When I arrived at work Monday, my inbox was full of angry messages, just as I suspected it would be, but these angry messages were unlike any I’d ever received before. Most of them suggested that I wasn’t really an American — “How does it feel to be a modern-day Tokyo Rose?” asked one student of history, in a message that sent me scrambling to Wikipedia to learn more about Tokyo Rose, who I’ve concluded I don’t really have all that much in common with — and that in writing these stories I had betrayed my country. Of course, I found it impossible to take any of this seriously, since being accused of ruining the world didn’t seem all that different from being accused of ruining the morale at my high school, though perhaps I should start wearing a flag pin on my lapel, just to appear more American-like. “What is a real American, anyway?” I wondered, before deciding that this is exactly the sort of question that keeps the discourse in this country at a playground level, and opting just to follow my mom’s old advice about ignoring the mean kids at school. After all, my varsity letter jacket never made anyone think I had a lot of school spirit.

The angry e-mails also suggested that I would soon be unemployed, because an immigrant with a H1B visa would arrive to take my job at the Gazette, and these e-mails marked the first time angry readers have exulted in my future unemployment. “Pretty darn soon you too will be out of job,” one person wrote. “Newspapers are failing across the country. Maybe that’s what it will take to get across to you morons who can’t see beyond the end of your nose. Your repeated efforts to undermine your own country and fellow citizens is disgraceful. You don’t mind giving your own job away to foreigners ... do you? See you in the breadlines Sister!” This may be the funniest angry e-mail I’ve ever received, and since I have an annoying habit of repeating certain phrases and expressions over and over again until I get sick of them (just a few months ago I couldn’t stop saying, “I love you, but I’m not in love with you,” but that’s a story for another day) I keep turning to my co-workers and saying, “See you in the breadlines, sister!” I’m sure it’s getting pretty annoying, but I just can’t stop myself.

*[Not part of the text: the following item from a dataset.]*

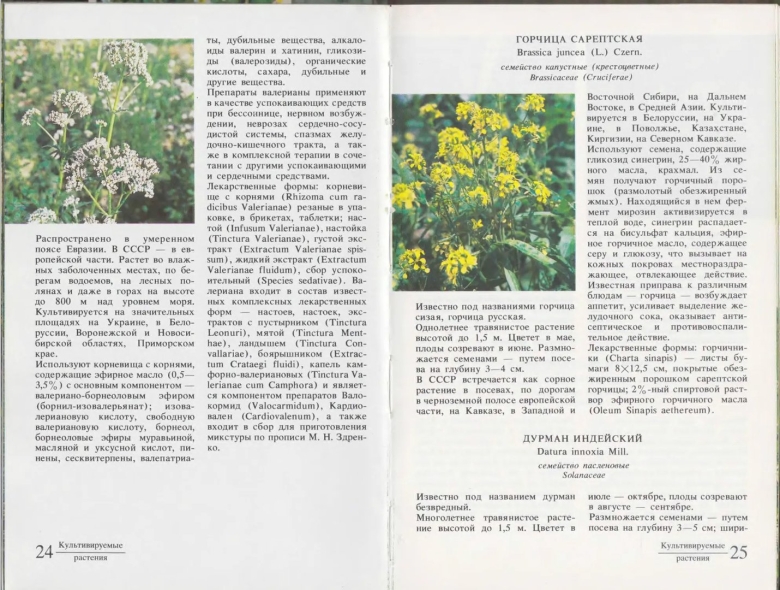 Энциклопедия лекарственных трав и растений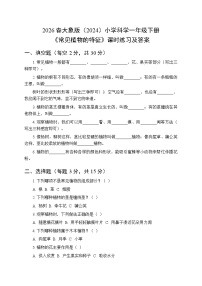小学科学大象版（2024）一年级下册（2024）2 常见植物的特征同步达标检测题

Still, this message, more than the others, tapped into my basic fear, one shared by journalists throughout the country, that my newspaper is about to fold or lay me off, and that I’ll soon be standing in a breadline somewhere. And since I hate it when someone else gets the last laugh, I hope that never happens. Not that I’m too worried about running into the angry e-mailers while standing in the breadline, because it’s pretty clear that most of them don’t live around here, and that these stories were distributed widely on-line by anti-immigration groups. The first angry letter we printed in the paper came not from Schenectady or Guilderland or Cobleskill, but from Arlington, Va.

A few weeks ago I wrote an article about how a local group that assists immigrants and refugees was sponsoring classes designed to familiarize their clients with American laws, and this resulted in an angry call from someone who threw around words like bias and agenda. “Do you have some sort of animosity toward immigrants?” this person demanded, and of course it’s enough to make your head spin, being accused of hating immigrants one week and hating America the next. I shrugged off most of this woman’s criticisms, but then she suggested that I was a bad writer, and you know what? That’s the one thing that really got under my skin, because we writers are a vain and sensitive lot, and it doesn’t take much to convince me that everything I’ve ever written is complete crap. But accuse me of hating America? Well, that’s just so absurd that it doesn’t bother me at all.